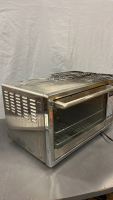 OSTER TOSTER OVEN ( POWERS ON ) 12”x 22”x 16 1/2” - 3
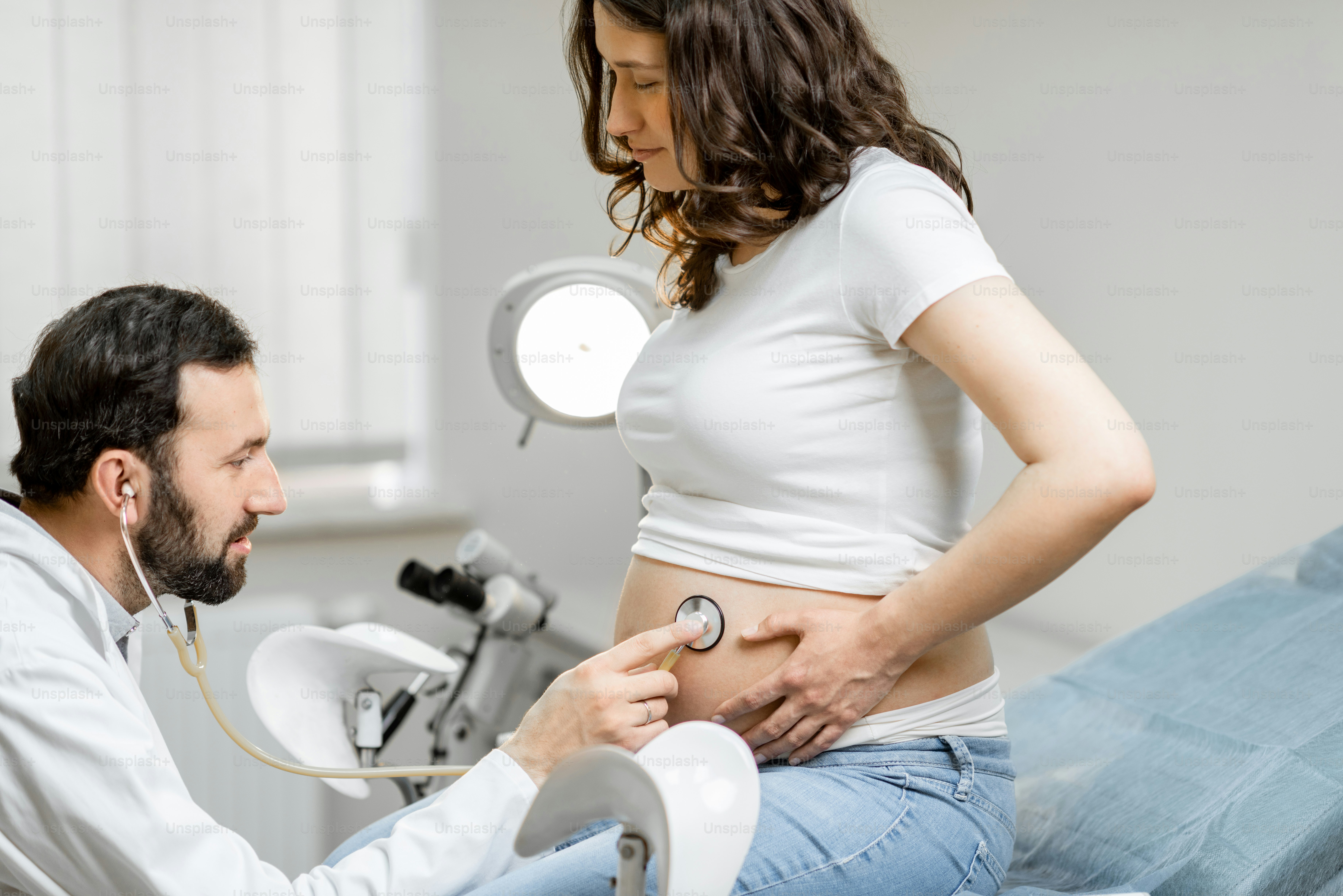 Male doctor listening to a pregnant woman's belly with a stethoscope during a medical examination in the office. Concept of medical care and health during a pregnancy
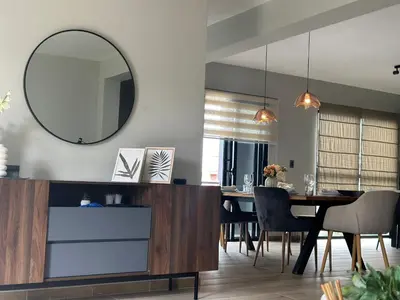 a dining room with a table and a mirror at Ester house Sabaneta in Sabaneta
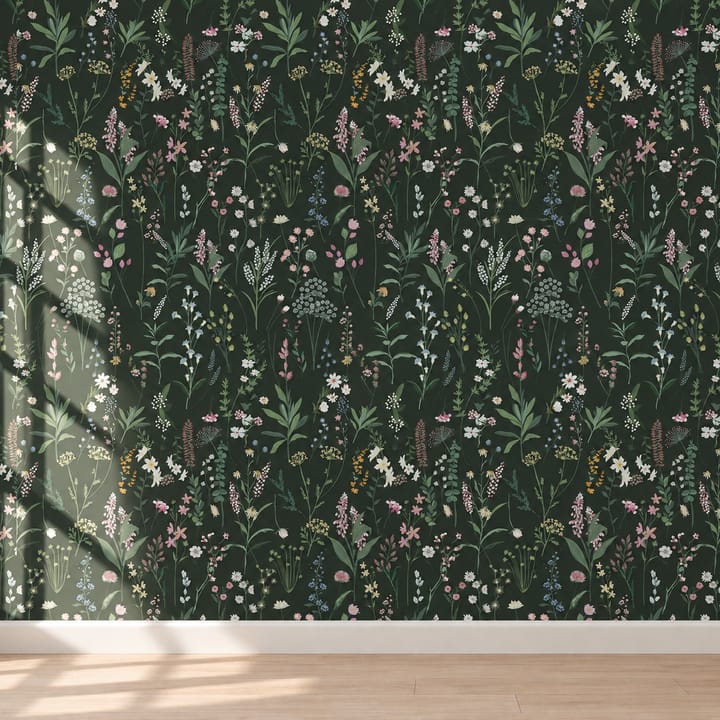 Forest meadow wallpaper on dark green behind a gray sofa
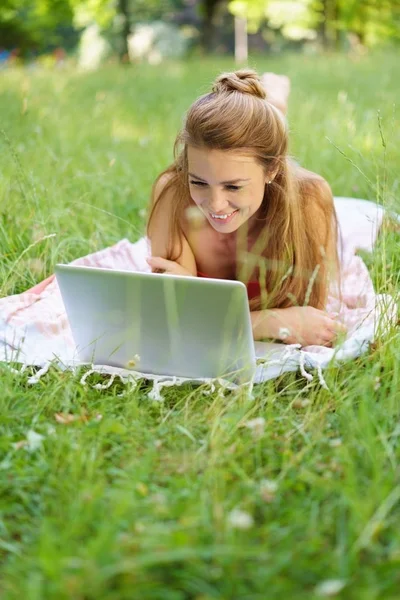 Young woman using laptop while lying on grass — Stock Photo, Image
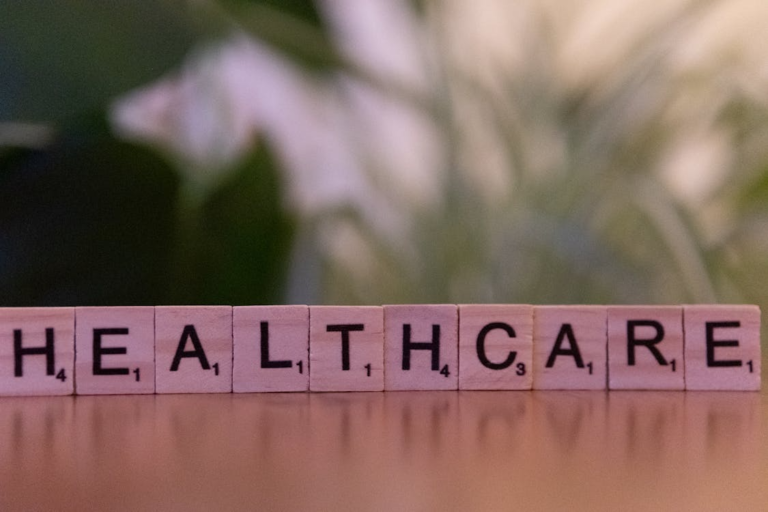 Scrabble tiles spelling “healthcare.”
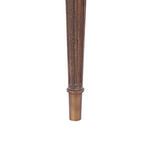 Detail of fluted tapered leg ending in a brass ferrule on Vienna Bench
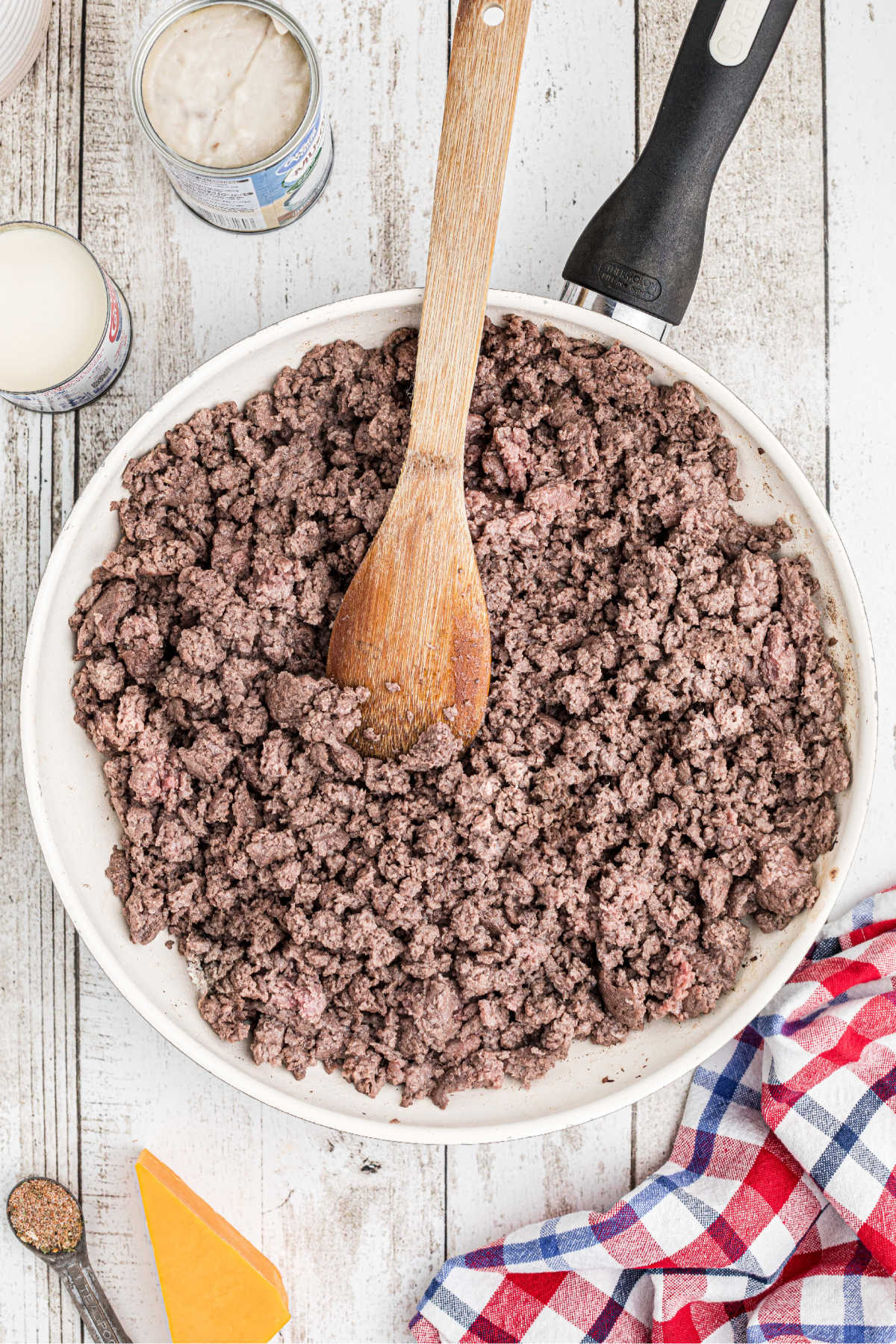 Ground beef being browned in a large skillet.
--
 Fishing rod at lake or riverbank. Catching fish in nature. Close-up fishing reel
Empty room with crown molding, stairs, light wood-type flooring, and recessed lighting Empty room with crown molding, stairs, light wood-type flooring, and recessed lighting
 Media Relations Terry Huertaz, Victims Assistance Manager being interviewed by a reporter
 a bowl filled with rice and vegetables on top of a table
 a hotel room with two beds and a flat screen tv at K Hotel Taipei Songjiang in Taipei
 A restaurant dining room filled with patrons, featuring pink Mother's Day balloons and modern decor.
* * *
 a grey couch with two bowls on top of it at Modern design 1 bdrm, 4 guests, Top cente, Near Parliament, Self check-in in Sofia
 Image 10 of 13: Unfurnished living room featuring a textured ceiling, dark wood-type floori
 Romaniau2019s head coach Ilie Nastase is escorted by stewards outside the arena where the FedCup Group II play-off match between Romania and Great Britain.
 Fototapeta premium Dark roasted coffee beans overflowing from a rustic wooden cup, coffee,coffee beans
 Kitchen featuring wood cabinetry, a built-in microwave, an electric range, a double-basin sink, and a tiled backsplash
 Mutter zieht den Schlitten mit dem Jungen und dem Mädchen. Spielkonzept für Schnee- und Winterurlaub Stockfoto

#### Work required:
Out of the records above, please copy exactly the lines from the line with "a dining room" up to and including the line with "Detail of fluted", minus the pictures.

#### Answer space:
 a dining room with a table and a mirror at Ester house Sabaneta in Sabaneta
 Forest meadow wallpaper on dark green behind a gray sofa
 Young woman using laptop while lying on grass — Stock Photo, Image
 Scrabble tiles spelling “healthcare.”
 Detail of fluted tapered leg ending in a brass ferrule on Vienna Bench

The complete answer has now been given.